* [BRIEF] Write out only the opening lines of the entries, through the line with "Cast Iron Taper Candlestick, 3 Sizes".

....................

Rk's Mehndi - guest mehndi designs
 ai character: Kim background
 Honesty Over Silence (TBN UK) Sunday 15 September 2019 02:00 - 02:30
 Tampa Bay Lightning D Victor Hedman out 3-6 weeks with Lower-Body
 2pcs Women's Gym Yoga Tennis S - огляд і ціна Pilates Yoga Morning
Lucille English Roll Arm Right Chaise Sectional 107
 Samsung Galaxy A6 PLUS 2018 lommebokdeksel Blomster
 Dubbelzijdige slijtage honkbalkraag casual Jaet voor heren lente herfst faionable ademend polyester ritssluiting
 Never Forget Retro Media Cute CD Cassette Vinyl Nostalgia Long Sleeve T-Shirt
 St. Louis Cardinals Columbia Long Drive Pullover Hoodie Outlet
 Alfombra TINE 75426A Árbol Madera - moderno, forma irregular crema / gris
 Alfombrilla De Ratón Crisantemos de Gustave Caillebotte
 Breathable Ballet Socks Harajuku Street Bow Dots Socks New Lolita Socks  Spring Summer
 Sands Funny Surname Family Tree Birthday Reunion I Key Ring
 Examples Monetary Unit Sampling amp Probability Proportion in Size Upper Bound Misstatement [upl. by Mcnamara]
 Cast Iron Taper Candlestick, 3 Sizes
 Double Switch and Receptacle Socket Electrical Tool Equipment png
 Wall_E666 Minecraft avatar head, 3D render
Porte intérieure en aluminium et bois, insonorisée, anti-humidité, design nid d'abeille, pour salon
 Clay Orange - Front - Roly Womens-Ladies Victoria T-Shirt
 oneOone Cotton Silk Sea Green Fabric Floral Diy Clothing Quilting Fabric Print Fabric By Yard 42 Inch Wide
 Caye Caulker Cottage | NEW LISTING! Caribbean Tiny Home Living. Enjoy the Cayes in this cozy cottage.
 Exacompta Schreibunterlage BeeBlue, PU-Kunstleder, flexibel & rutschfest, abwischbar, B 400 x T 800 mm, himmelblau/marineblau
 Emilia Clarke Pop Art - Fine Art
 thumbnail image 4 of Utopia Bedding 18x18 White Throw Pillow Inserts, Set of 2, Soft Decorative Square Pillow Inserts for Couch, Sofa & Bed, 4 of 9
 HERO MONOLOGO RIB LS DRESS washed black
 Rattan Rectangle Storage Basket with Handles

....................

* [WRITTEN SOLUTION]
Rk's Mehndi - guest mehndi designs
 ai character: Kim background
 Honesty Over Silence (TBN UK) Sunday 15 September 2019 02:00 - 02:30
 Tampa Bay Lightning D Victor Hedman out 3-6 weeks with Lower-Body
 2pcs Women's Gym Yoga Tennis S - огляд і ціна Pilates Yoga Morning
Lucille English Roll Arm Right Chaise Sectional 107
 Samsung Galaxy A6 PLUS 2018 lommebokdeksel Blomster
 Dubbelzijdige slijtage honkbalkraag casual Jaet voor heren lente herfst faionable ademend polyester ritssluiting
 Never Forget Retro Media Cute CD Cassette Vinyl Nostalgia Long Sleeve T-Shirt
 St. Louis Cardinals Columbia Long Drive Pullover Hoodie Outlet
 Alfombra TINE 75426A Árbol Madera - moderno, forma irregular crema / gris
 Alfombrilla De Ratón Crisantemos de Gustave Caillebotte
 Breathable Ballet Socks Harajuku Street Bow Dots Socks New Lolita Socks  Spring Summer
 Sands Funny Surname Family Tree Birthday Reunion I Key Ring
 Examples Monetary Unit Sampling amp Probability Proportion in Size Upper Bound Misstatement [upl. by Mcnamara]
 Cast Iron Taper Candlestick, 3 Sizes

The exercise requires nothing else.